What is required: Give all of the records again precisely, excluding whatever pictures they contain.

(Record extracts begins)

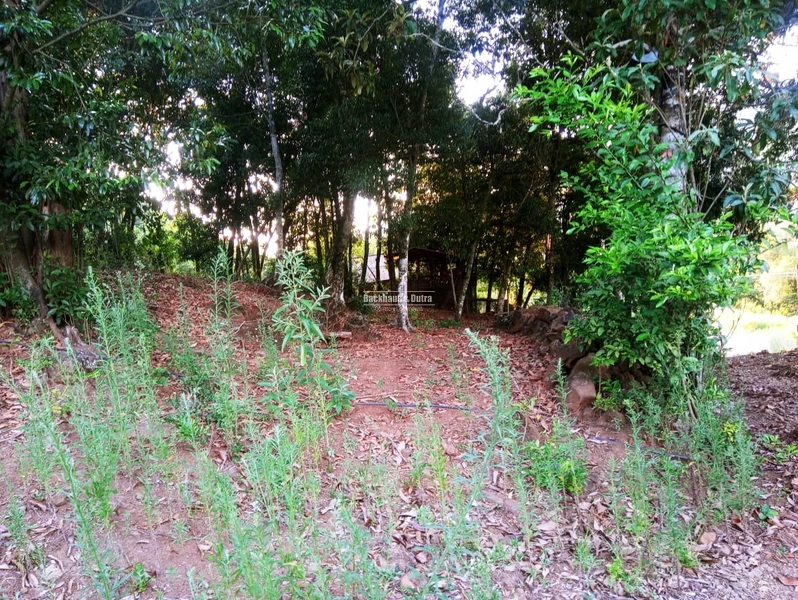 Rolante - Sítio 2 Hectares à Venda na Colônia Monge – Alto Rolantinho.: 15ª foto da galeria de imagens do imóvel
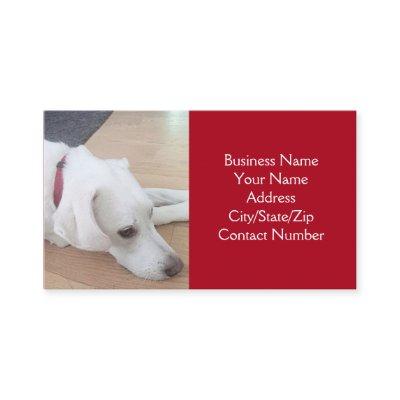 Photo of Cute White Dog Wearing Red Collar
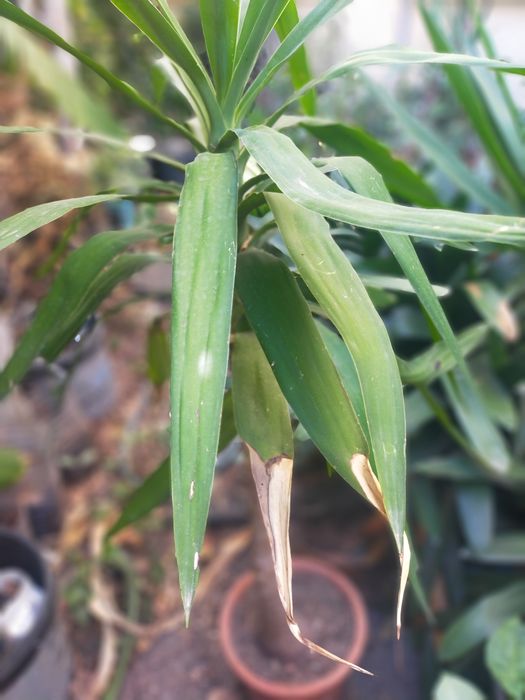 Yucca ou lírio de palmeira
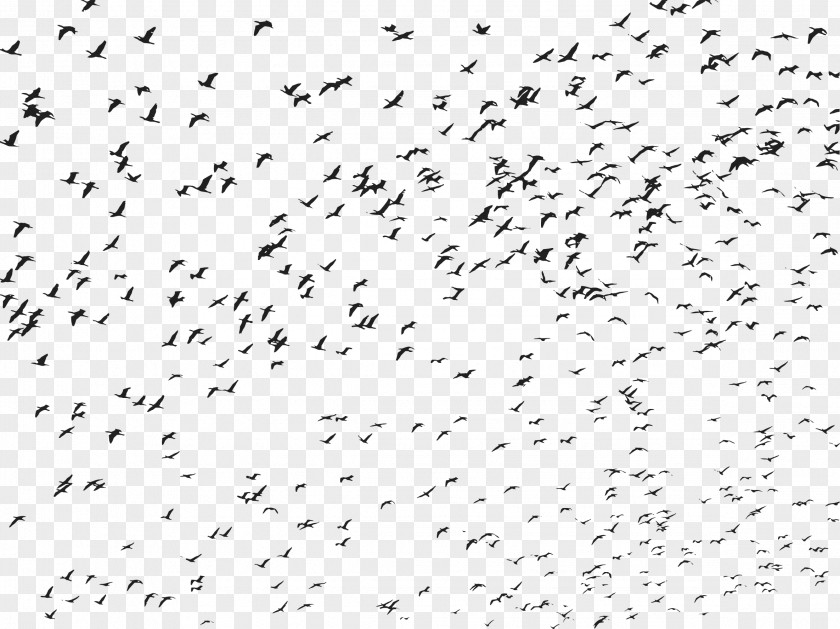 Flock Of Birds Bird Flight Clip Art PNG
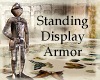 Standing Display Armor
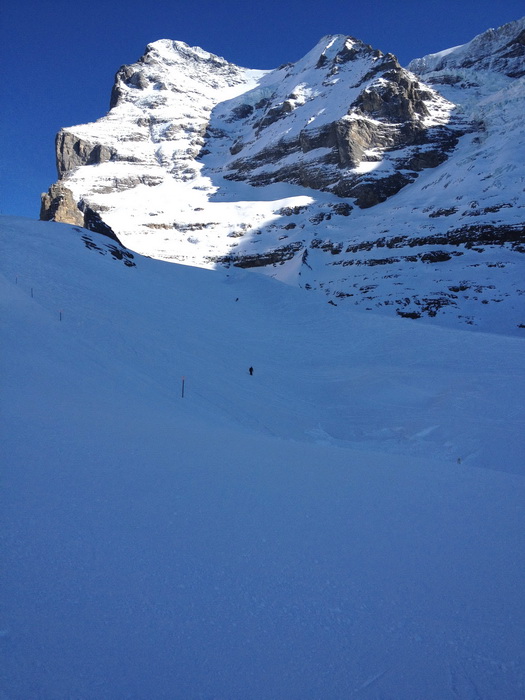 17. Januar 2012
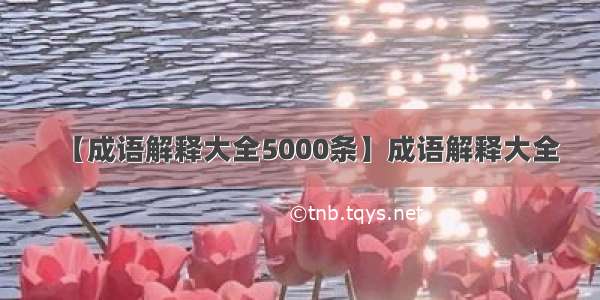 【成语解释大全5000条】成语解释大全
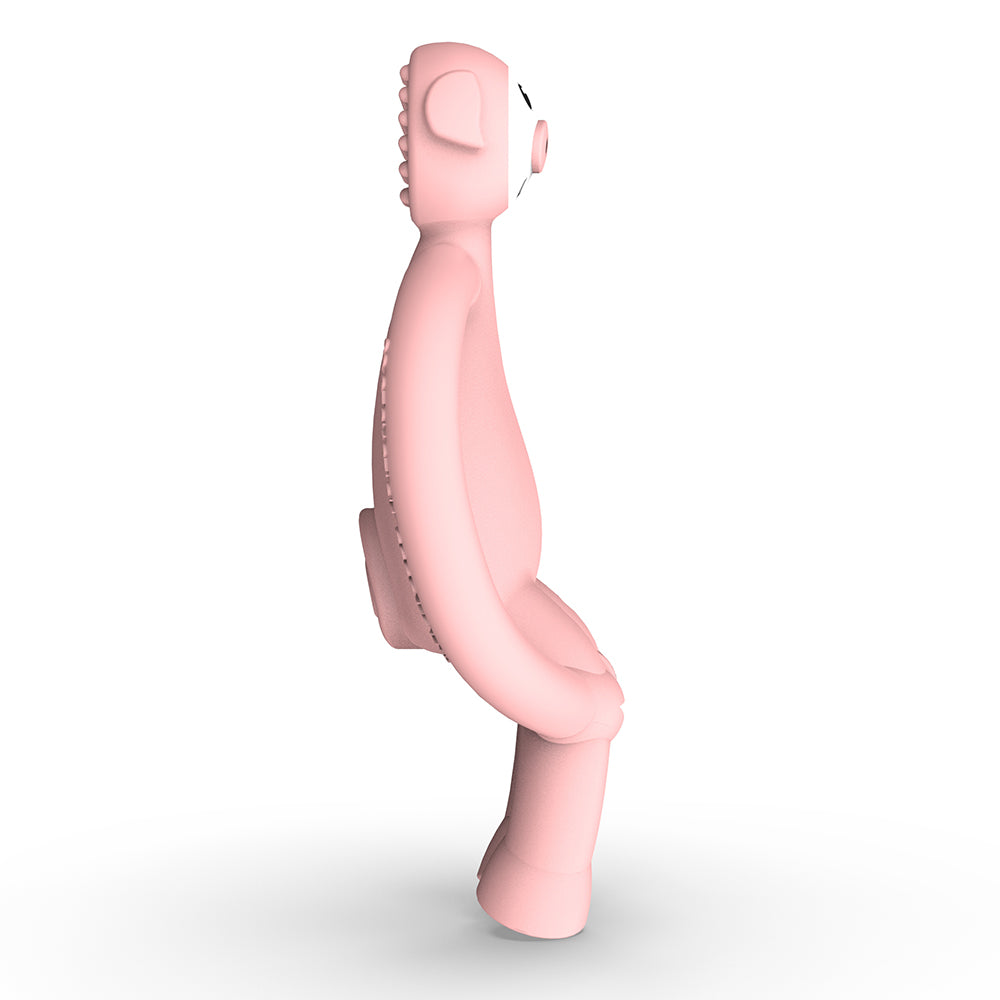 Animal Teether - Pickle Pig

(Record extracts ends)

Answer for this exercise:
 Rolante - Sítio 2 Hectares à Venda na Colônia Monge – Alto Rolantinho.: 15ª foto da galeria de imagens do imóvel
 Photo of Cute White Dog Wearing Red Collar
 Yucca ou lírio de palmeira
 Flock Of Birds Bird Flight Clip Art PNG
 Standing Display Armor
 17. Januar 2012
 【成语解释大全5000条】成语解释大全
 Animal Teether - Pickle Pig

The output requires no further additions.